Open the artc_device_helper.c file and update the Wi-Fi SSID and password.

// Set the Wi-Fi SSID and password for network connection.
#define WIFI_STA_SSID "ssid"
#define WIFI_STA_PWD  "pwd"

Open the artc_aicall_demo.c file and update the license and agent information.
```
// License information for the agent call
#define LICENSE_PRODUCT_ID "xxx"  // License product ID
#define LICENSE_AUTH_CODE "xxx"   // License authorization code
#define LICENSE_DEVICE_ID "xxx"   // Unique device ID

// User ID
#define USER_ID "xxxx"               
// Agent ID
#define VOICE_AGENT_ID "xxxx"
// Region where the agent is located
#define AGENT_REGION "xxxx"
// ARTC AppID associated with the agent
#define RTC_APP_ID "xxxx"
// ARTC AppKey associated with the agent
#define RTC_APP_KEY "xxxx"
```
Important
The RTC_APP_KEY is used to generate a token locally. This method can only be used for development and testing. For production releases, do not embed the RTC_APP_KEY in your application. Instead, generate the token on your server and send it to the device. For instructions on generating a token, see Generate an ARTC authentication token. For smart hardware, the token does not need to be Base64 encoded. Send the raw JSON result directly to the device.
Build the demo project. For build instructions, see the official JieLi documentation.

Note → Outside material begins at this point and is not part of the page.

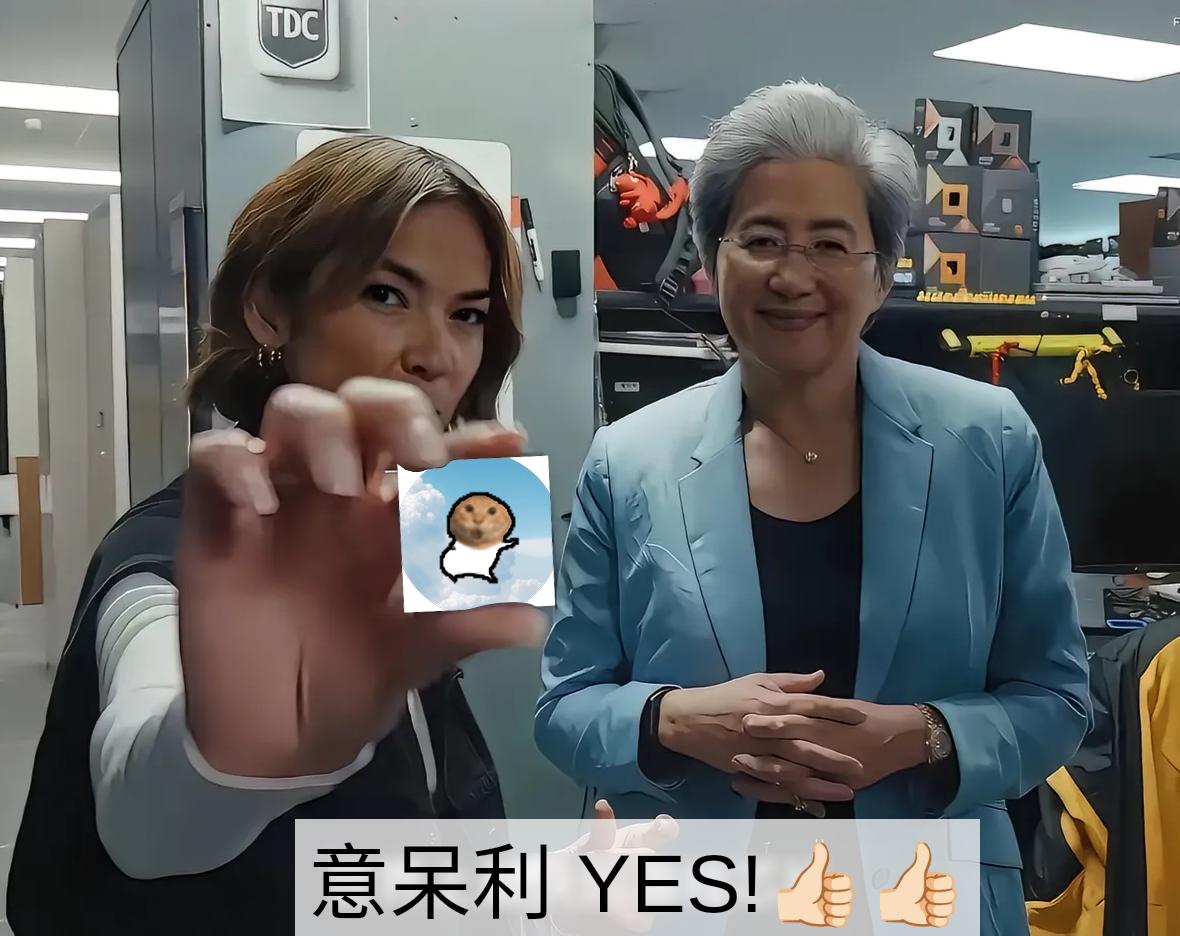 meme yes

Run the demo. After powering on the device, use the following keys to interact with the agent.

    - `K1`: Start the agent call
    - `K2`: Hang up the call
    - `K3`: Interrupt the agent
    - `K4`: Stop sending audio to the agent
    - `K5`: Resume sending audio to the agent

To view real-time logs, connect the device's serial port to your computer and use a serial monitoring tool.